王曉林
春節將至,又該張貼對聯了,我總會想起當年父親教我寫對聯的情景。
臘月的最后幾天,一家人吃罷飯,堂屋的八仙桌便收拾得干干凈凈,父親就開始寫對聯了。先是叫我和弟弟按照門框的大小把紅紙裁好,然后才折疊鋪展書寫。自家幾副對聯還沒寫完,就有團坊近鄰陸續拿著紅紙趕來。我們趕忙招呼就座,端出糖果花生等吃食,拿出年的熱忱和歡喜招待他們。每逢過年,父親寫對聯要忙到晚上十一二點,甚至凌晨一兩點。

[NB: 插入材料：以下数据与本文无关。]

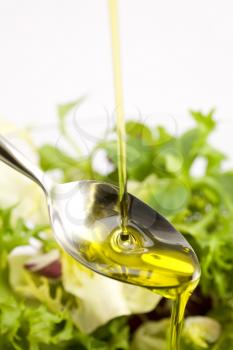 Pouring olive oil in the salad over a spoon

看到父親寫對聯頗受鄉親們的尊敬,我好生羨慕,心里想著等我再大些,練好毛筆字,成為父親那樣的人,為鄉親們寫對聯,把年的紅火和祥瑞送給他們。可寫毛筆字不是那么簡單的事,連握筆的姿勢都特別講究,而且寫對聯看起來簡單,其實挺麻煩的。從裁紙開始,書寫、晾干、分揀,然后告訴他們上下聯怎么粘貼。

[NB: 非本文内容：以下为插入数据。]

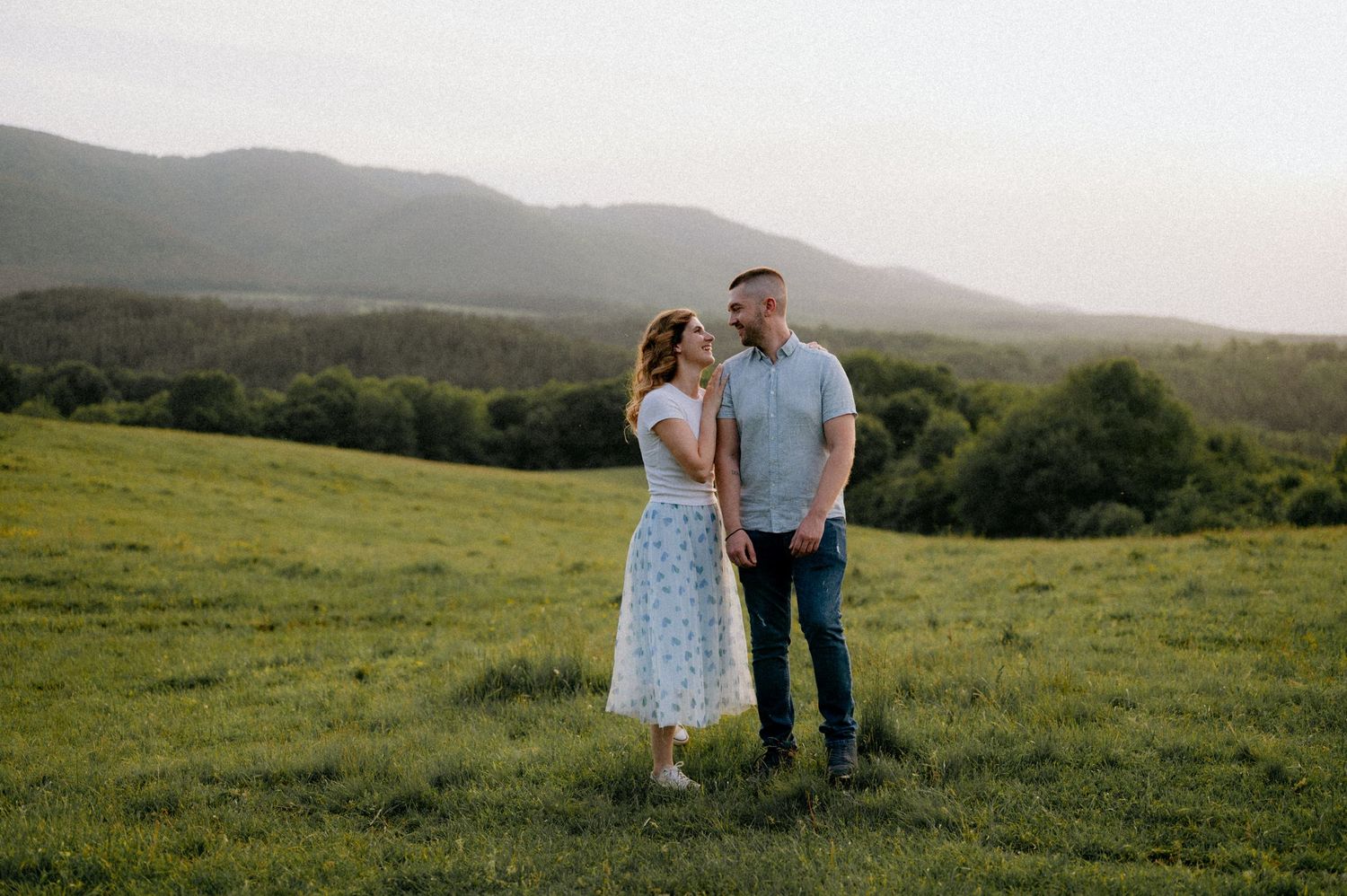 Couple enjoying a romantic moment in a scenic mountain meadow.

從上小學三年級起,父親就讓我和弟弟做一些簡單的工作,囑咐我們站在旁邊觀摩:提筆、振腕,頓時一種高山仰止的氣勢迸發而出。起筆回鋒,圓潤收斂又不失氣勢;行筆中鋒,筆力剛勁,顯得頗為厚重大氣;最后收筆,先提后壓,一股飽滿深沉之感躍然紙上。一筆至終,毫厘不差,一副對聯瞬間完成。
初中畢業那年的除夕,父親想看看我的毛筆字到底練得如何,寫到高興處,讓我上場演練一下。平時,在大字本上,我寫得有棱有廓、像模像樣,可這天,或許是生怕寫不好而緊張,或許是圍觀的人太多不好意思。父親看出了我的窘迫,右手握住我顫抖的手。我感受到手腕上一股強勁的力量,手不由自主地跟著父親的手運行。一個堅挺的“春”字屹立在首位。父親輕輕說:“就這樣寫,你試試。”父親松開了手。我的心又開始揪緊了,手顫顫巍巍不聽使喚,墨水滴落到紅紙上,刺著我的眼。接下來的字,歪歪扭扭,慘不忍睹。一副對聯在我的手里寫成了殘次品。父親板著面孔,一臉慍色,就對站在旁邊的弟弟說:“曉俐,你來寫。”小弟比我穩重些,也放得開,寫起來雖不是行云流水,馬馬虎虎,倒還過得去。父親雖沒夸贊,但臉色明顯朗然開來。父親看著,給弟弟指出瑕疵,教他如何改進。當鄉親們一一拿著對聯走后,寫對聯就告一段落,恨鐵不成鋼的父親,又開始訓斥我,還險些動武。他說:“寫字如做人,心要平,手要穩,臨危不亂。”我有些似懂非懂,雖沒反駁,心里卻不同意他的說法,不就是寫大字么,哪有那么神圣。
第一次寫對聯,給我留下了狼狽不堪的心理陰影。此后每年寫對聯,父親親自上陣,再也不給我機會寫,也沒再讓弟弟寫。這樣做應該是給我這個當兄長的留點面子吧。